| Work required |
Using the data that follows, output only the lines from the line with "Za 56.93 zł." up to and including the line with "DMC Plastic Floss Bobbins with Rings", exactly, leaving pictures aside.

| Recorded information |

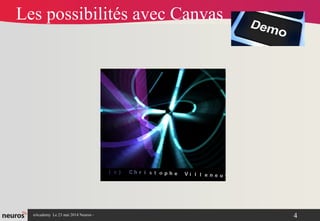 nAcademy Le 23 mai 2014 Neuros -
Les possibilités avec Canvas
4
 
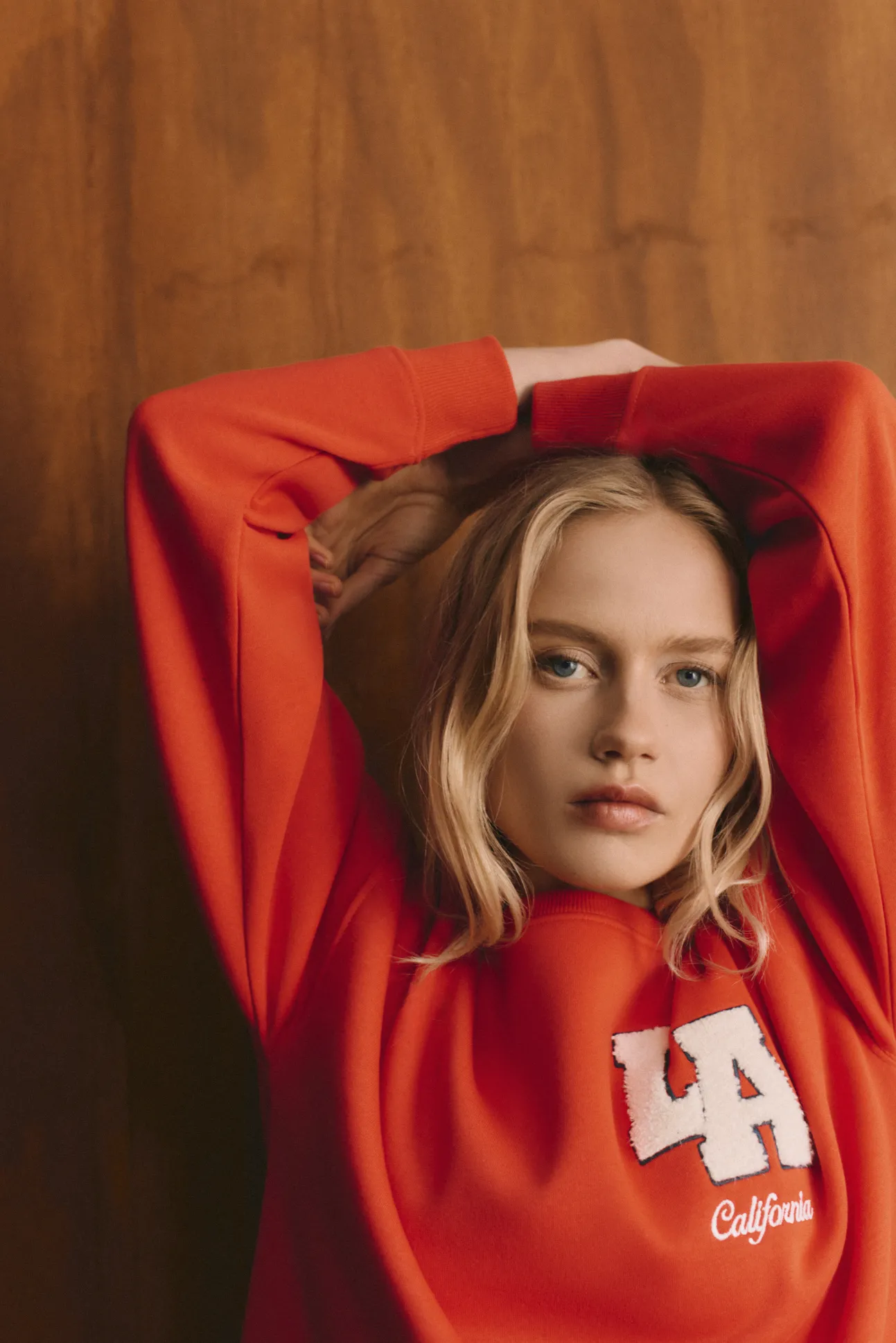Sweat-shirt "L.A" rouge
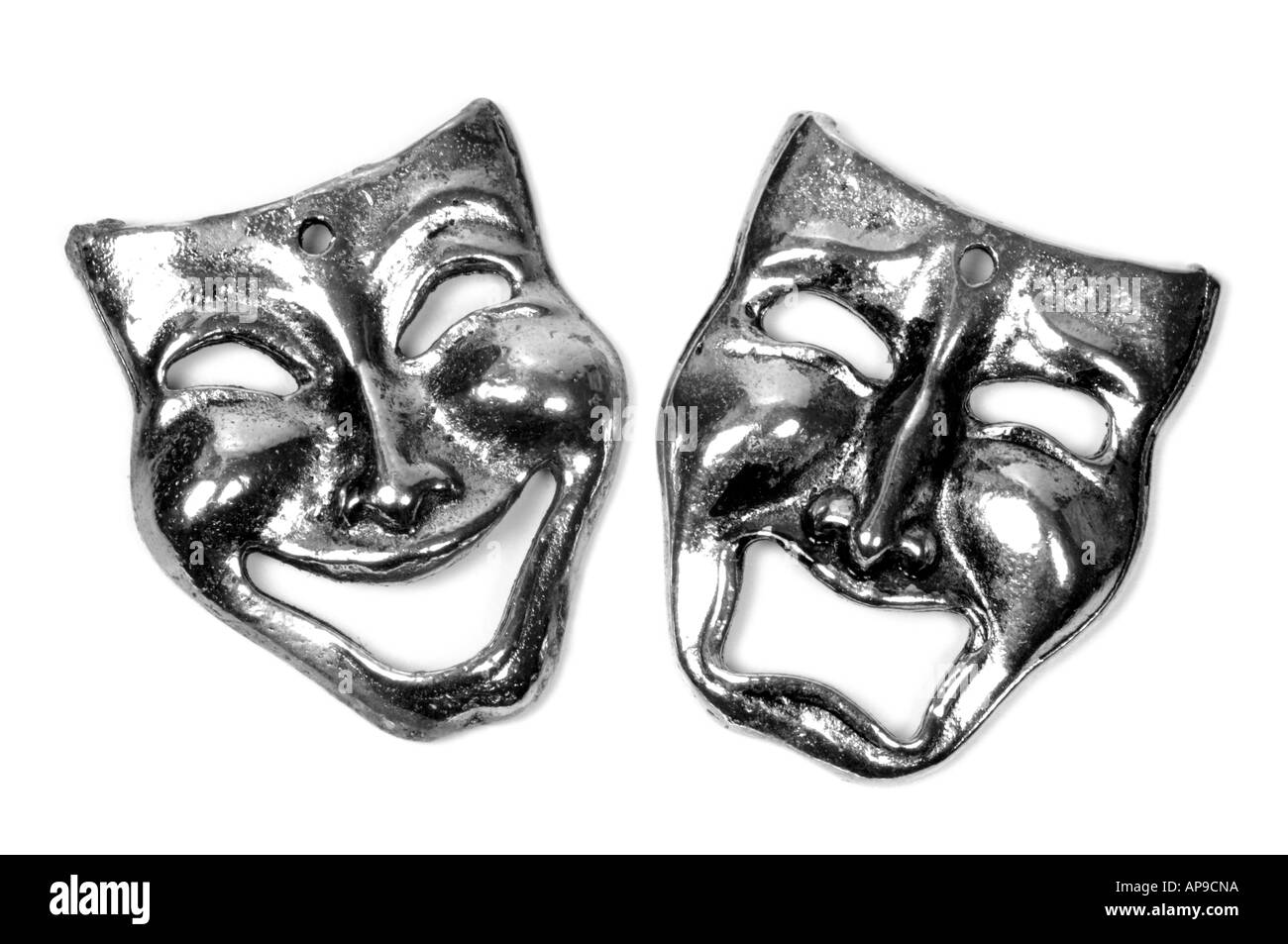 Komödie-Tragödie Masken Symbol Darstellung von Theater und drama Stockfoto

==

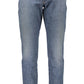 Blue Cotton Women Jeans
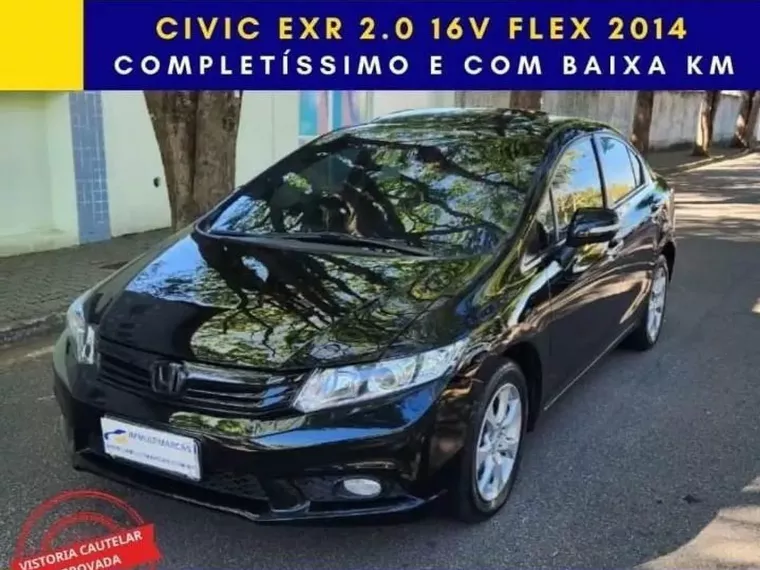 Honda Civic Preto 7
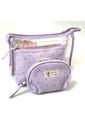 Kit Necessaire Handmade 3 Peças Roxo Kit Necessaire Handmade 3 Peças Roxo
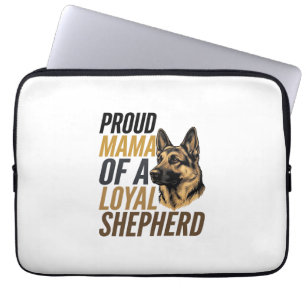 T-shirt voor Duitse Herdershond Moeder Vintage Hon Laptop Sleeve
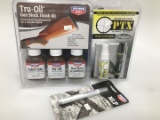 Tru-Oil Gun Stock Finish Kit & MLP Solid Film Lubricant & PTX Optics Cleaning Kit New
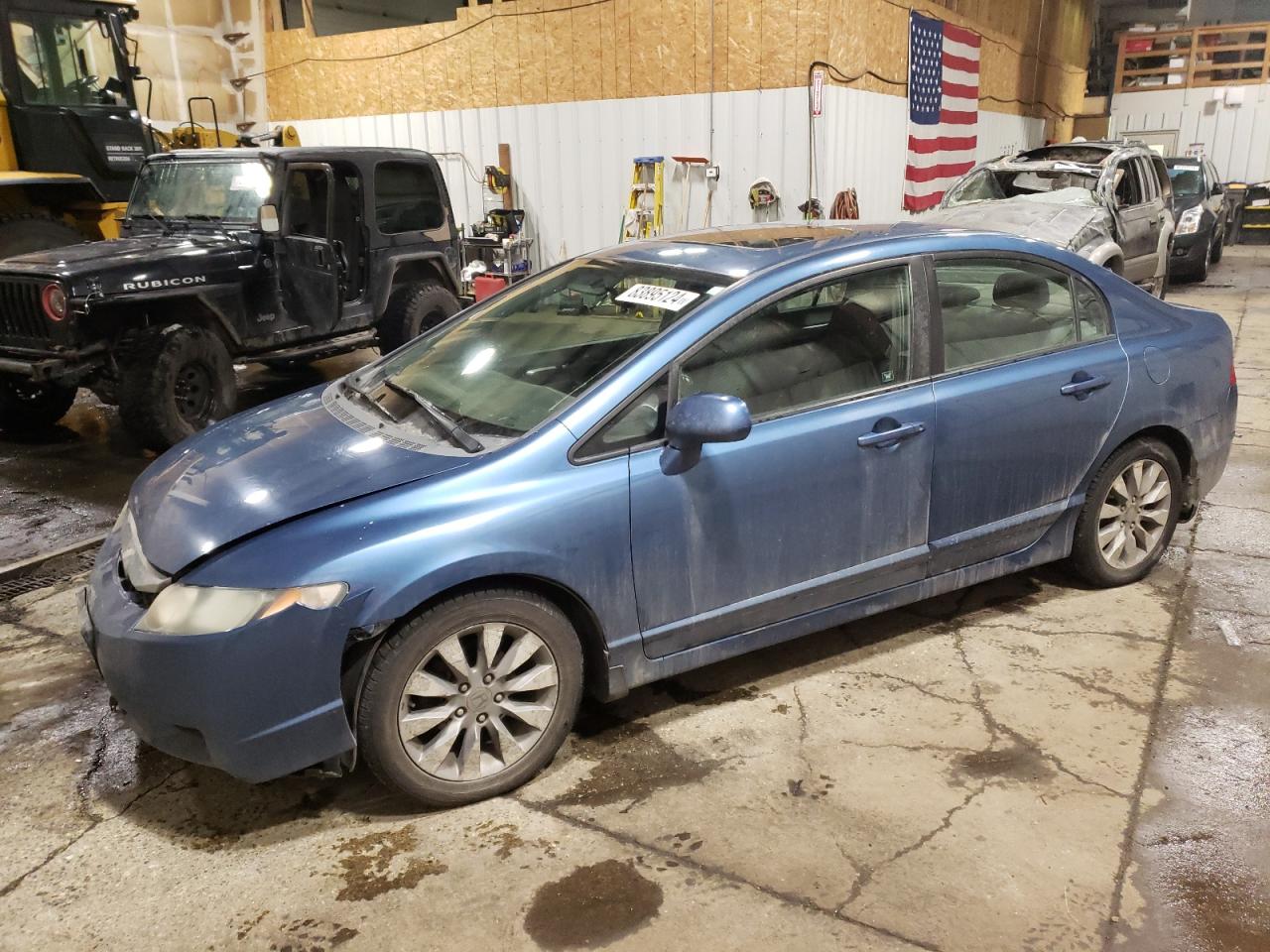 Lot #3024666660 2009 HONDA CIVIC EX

...

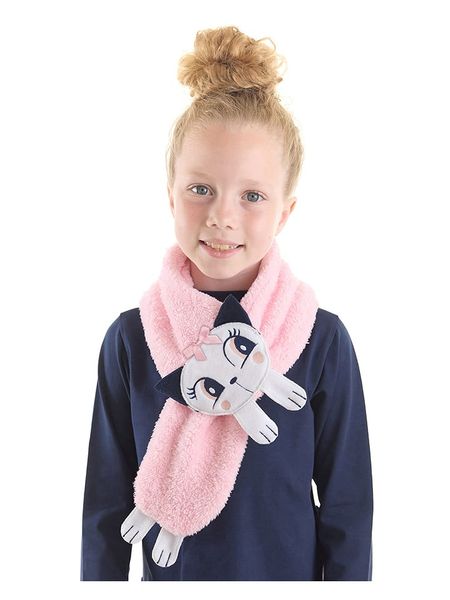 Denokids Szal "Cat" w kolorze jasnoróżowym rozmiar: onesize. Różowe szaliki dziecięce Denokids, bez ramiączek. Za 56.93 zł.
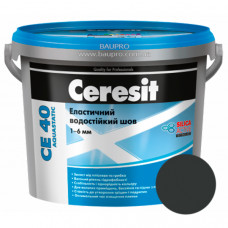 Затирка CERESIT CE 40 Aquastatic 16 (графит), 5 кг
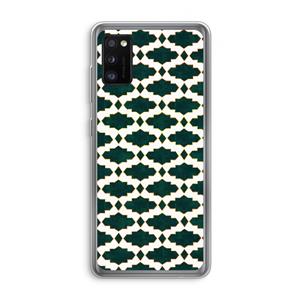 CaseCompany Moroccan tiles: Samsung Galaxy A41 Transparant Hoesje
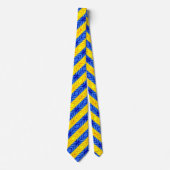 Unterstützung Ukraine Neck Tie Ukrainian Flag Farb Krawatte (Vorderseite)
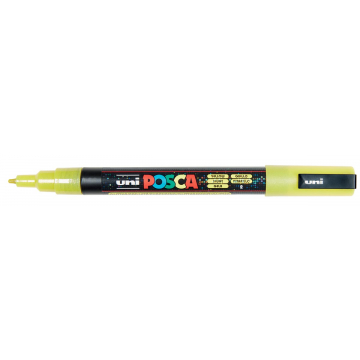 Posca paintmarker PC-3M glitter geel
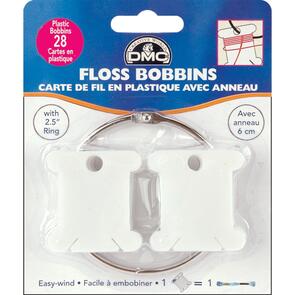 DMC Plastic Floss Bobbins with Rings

| Result |
 Denokids Szal "Cat" w kolorze jasnoróżowym rozmiar: onesize. Różowe szaliki dziecięce Denokids, bez ramiączek. Za 56.93 zł.
 Затирка CERESIT CE 40 Aquastatic 16 (графит), 5 кг
 CaseCompany Moroccan tiles: Samsung Galaxy A41 Transparant Hoesje
 Unterstützung Ukraine Neck Tie Ukrainian Flag Farb Krawatte (Vorderseite)
 Posca paintmarker PC-3M glitter geel
 DMC Plastic Floss Bobbins with Rings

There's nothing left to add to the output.